[Stored entries]

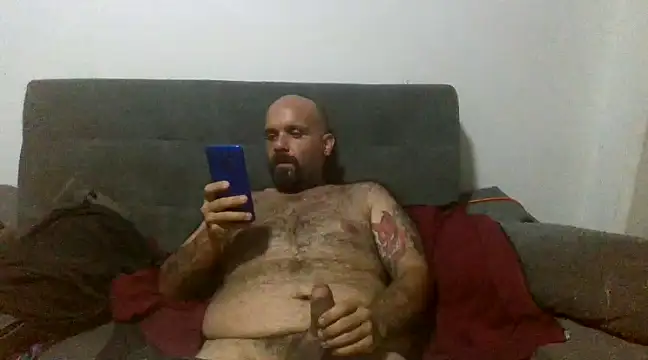 Snapshot of Chubi6669 chatting on 02-05-25, 04:25 Chubi6669 online show from 02-05-25, 04:25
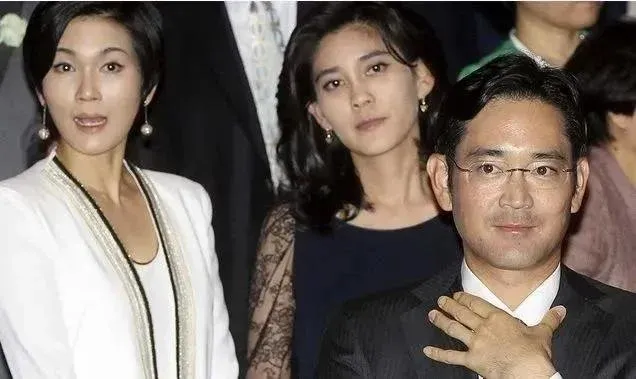 Công chúa lớn Samsung dự lễ tốt nghiệp của con trai, nhan sắc càn quét Internet xứ Hàn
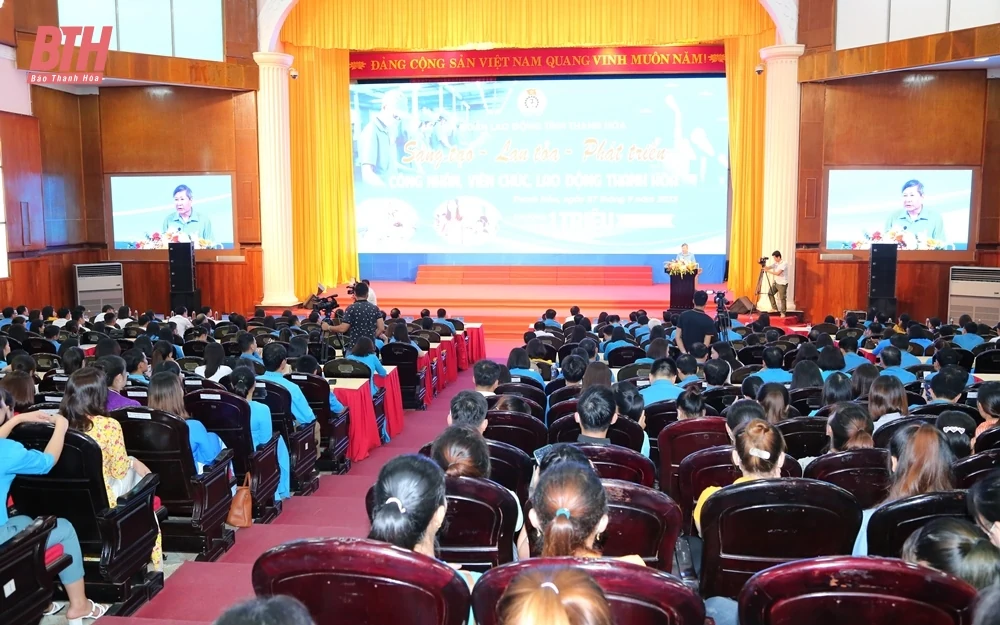 Thanh Hóa tôn vinh, biểu dương điển hình tiên tiến trong Chương trình “1 triệu sáng kiến - nỗ lực vượt khó, sáng tạo, quyết tâm chiến thắng đại dịch COVID-19”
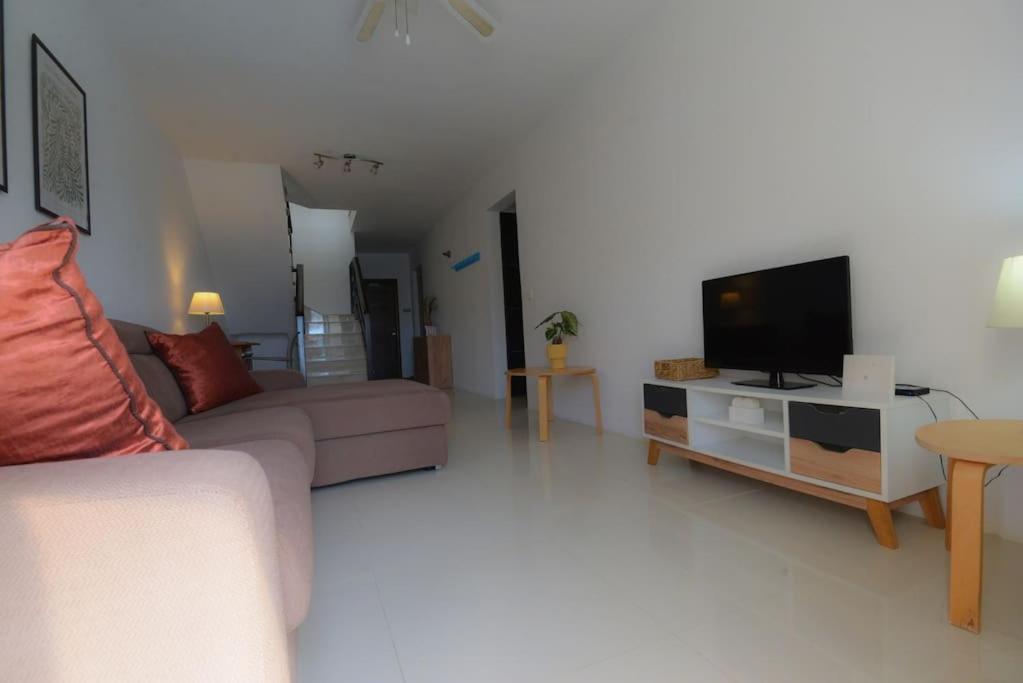Seafront Duplex Penthouse With Terrace Overlooking Xlendi Bay Kültér fotó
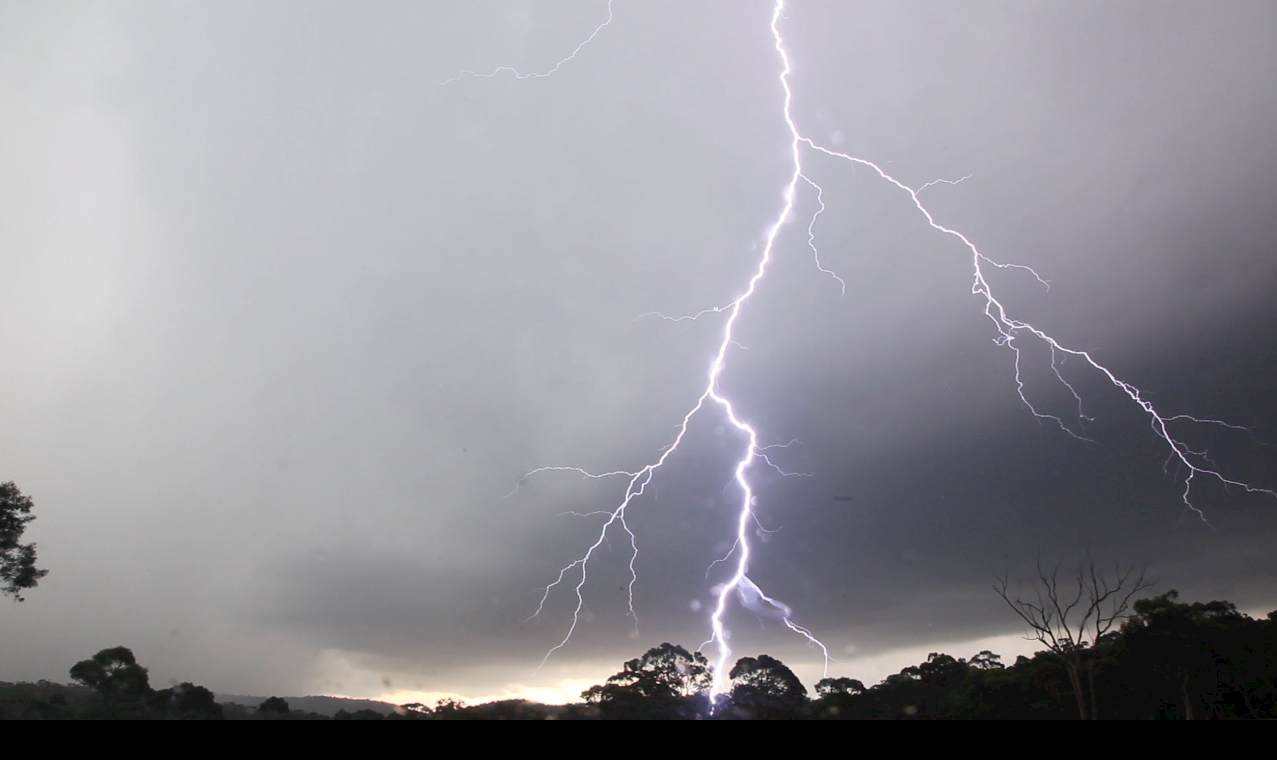 Incredible staccato lightning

ASSIGNED TASK:
Without including any pictures, please restate all the records exactly.

RESPONSE FOR THIS EXERCISE:
 Snapshot of Chubi6669 chatting on 02-05-25, 04:25 Chubi6669 online show from 02-05-25, 04:25
 Công chúa lớn Samsung dự lễ tốt nghiệp của con trai, nhan sắc càn quét Internet xứ Hàn
 Thanh Hóa tôn vinh, biểu dương điển hình tiên tiến trong Chương trình “1 triệu sáng kiến - nỗ lực vượt khó, sáng tạo, quyết tâm chiến thắng đại dịch COVID-19”
Seafront Duplex Penthouse With Terrace Overlooking Xlendi Bay Kültér fotó
 Incredible staccato lightning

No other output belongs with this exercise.